Whilst this combo of meat, offal and bone is widely discussed as a complete diet, there is rising acknowledgement that dogs - if placed in a wild setting - do elect to eat more than this, such as scavenging for apples and other fruits and vegs, grass and other parts of prey, such as hooves and hair. 

So actually, whilst 80/10/10 forms the basis of a main raw food diet, it's not necessarily the full picture of a diet for a healthy dog. 

When asked what a complete dog food comprises of, Dr. Nick Thompson BSc (Hons) Path Sci., BVM&S, VetMFHom, MRCVS states:

"80:10:10 is the foundation of a dogs diet, but to make it a complete offering, you need to add a) blended fresh raw or lightly cooked green veg, b) vitamins and minerals and c) omega-3 fatty acids."

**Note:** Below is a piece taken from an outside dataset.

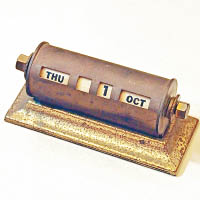 型來好日子 <br>銅製萬年曆，70年代美國產物，可以手動設定日子，適合愛懷舊的用家。$628（b）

  • How much needs to be fed?

In simple terms, the answer to this question is... A healthy adult dog (not overweight/underweight) requires 2.5% of their bodyweight in raw food per day. 

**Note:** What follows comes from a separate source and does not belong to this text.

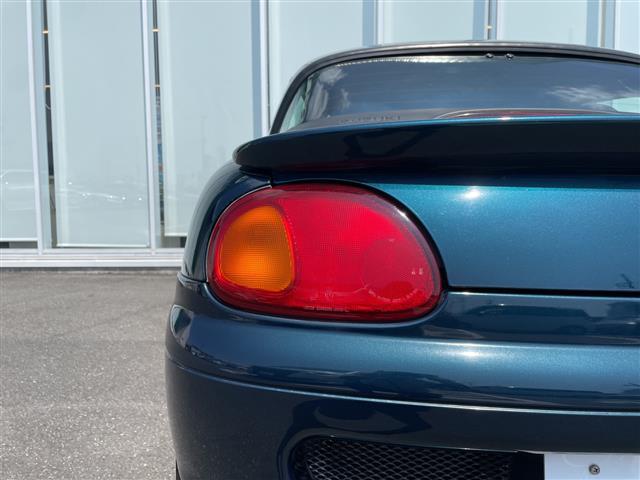 カプチーノ ベースグレード JVCカーオーディオ 保管用カバー付きハードトップルーフ インタークーラーターボ ターボタイマー 純正フロアマット スペアキー シガーソケット パワーウィンドウ 保証書 取扱説明書(31枚目)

Whilst this is the most straightforward answer, there are variations to be considered.

1) Puppies. 
Puppies require more than 2.5% of their current weight as they need additional food to help them grow to their expected size. There are two ways we can therefore work out how much to feed a puppy.  One is to calculate based on the expected weight of the puppy when a fully grown i.e. the target weight. The second way is to start with 10% of bodyweight for a young puppy (up to 3 or 4 months old) then gradually drop that percentage down each month until reaching 2.5% by the time the dog is 12m old. 

2) Underweight dogs
Underweight adult dogs should be fed 3% of their body weight per day, but this can also be enhanced by selecting higher calorie meats, such as lamb or duck.

3) Overweight dogs
An adult dog that is overweight needs to eat the appropriate amount for their exercise levels as well as their need to reduce weight. They should therefore be fed 2% of their bodyweight per day. You can also select lower calorie meats, such as Turkey, but bear in mind the different manufacturers select different cuts of meat, so refer to the analytical composition on the label for further information. 

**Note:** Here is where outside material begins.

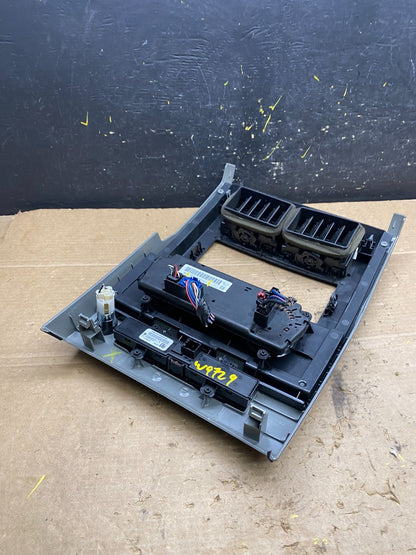2008 to 2012 Jeep Liberty Dash Climate Temperature Control Radio Bezel W9729 DG4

Dog weight chartWorked Example for RAW FOOD:

 

'A customer has asked how much she needs to feed her 3 year mixed-breed dog. The dog weighs 18kg and the customer is happy with the dogs weight at present.'

18 x 0.025 = 0.45kg = 450g

It is worth asking the customer if they feed once or twice a day, and clarify that the amount stated is a daily allowance, so may need to be split between the number of meals fed per day. 

 

Whilst this calculation seems very technical, this is always a GUIDELINE amount to feed. If a dog has a particularly energetic day, with longer-than-usual walks, then they may need a bit more that day. This calculation is based on a chicken diet, as a benchmark. Different meats have different analytical compositions, so this is just a guide to help an owner feed an appropriate amount. 

*In the UK and Europe, since Mad Cow Disease, the feeding of nervous tissue like brains and spinal cord, and the feeding of glands like thyroid or adrenals has been banned.